6) Move host to maintenance.



Actual results:
After host goes to maintenance still 2 connections remain:
[root@infra4-nested-3 ~]# iscsiadm -m session
tcp: [17] mantis-iscsi-lif2.lab.eng.tlv2.redhat.com:3260,1033 iqn.1992-08.com.netapp:vserver-rhv-qe (non-flash)
tcp: [18] mantis-iscsi-lif2.lab.eng.tlv2.redhat.com:3260,1033 iqn.1992-08.com.netapp:vserver-rhv-qe (non-flash)

Expected results:
After host goes to maintenance No storage connections should remain 


Additional info:
This occurs on NetApp storage server 
netapp-cluster3.mgmt.lab.eng.tlv2.redhat.com - DOES NOT OCCUR ON ExtreamIO storage.

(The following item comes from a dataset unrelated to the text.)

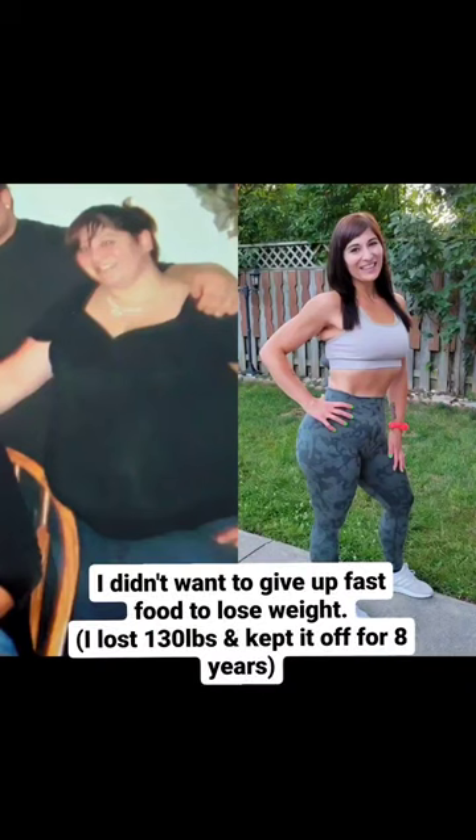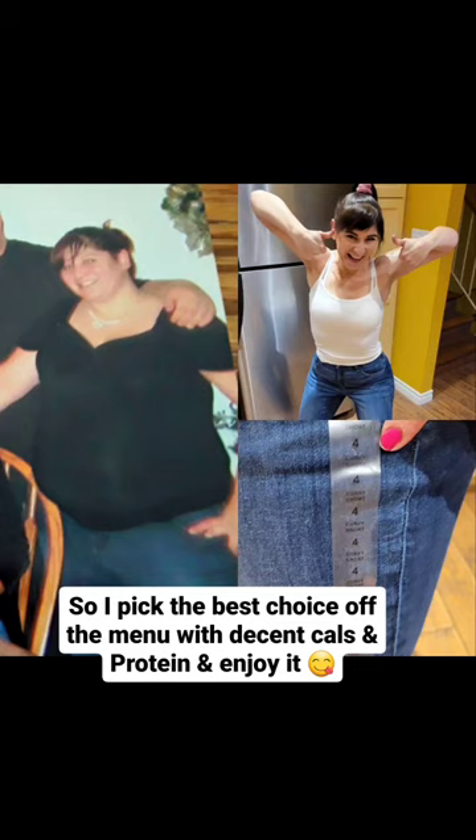Here are my top 3 fat loss foods from McDonald's, cuties! I didn't want to give up fast food to lose weight, so I picked the best choices off the menu with decent calories and protein, and I enjoy it.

Comment 1 Avihai 2018-04-11 13:34:58 UTC

This is not a regression bug but is related to moving to a new Netapp move of infra team (which we run our TierX tests ) on.

This is an automation blocker as it blocks many tests in the storage connections test plan.

Comment 2 Allon Mureinik 2018-04-12 12:19:47 UTC

We had the same issue since 3.1. I don't understand how this can be an automation blocker now.

Comment 3 Avihai 2018-04-12 13:24:13 UTC

(In reply to Allon Mureinik from comment #2)
> We had the same issue since 3.1.
I do not claim this issue is a 'regression' issue but automation blocker.

> I don't understand how this can be an automation blocker now.

We worked with a different NetApp ISCSI storage provider until recent Lab move and we did not see this issue.(why ? no idea)

Now we see the issue & it blocks automation tests thus automation blocker.

Comment 5 Sandro Bonazzola 2019-01-28 09:34:41 UTC

This bug has not been marked as blocker for oVirt 4.3.0.
Since we are releasing it tomorrow, January 29th, this bug has been re-targeted to 4.3.1.

Comment 7 Eyal Shenitzky 2021-08-23 12:29:19 UTC

This bug/RFE is more than 2 years old and it didn't get enough attention so far, and is now flagged as pending close. 
Please review if it is still relevant and provide additional details/justification/patches if you believe it should get more attention for the next oVirt release.

Comment 8 Michal Skrivanek 2021-09-29 11:33:06 UTC

This bug didn't get any attention in a long time, and it's not planned in foreseeable future. oVirt development team has no plans to work on it.
Please feel free to reopen if you have a plan how to contribute this feature/bug fix.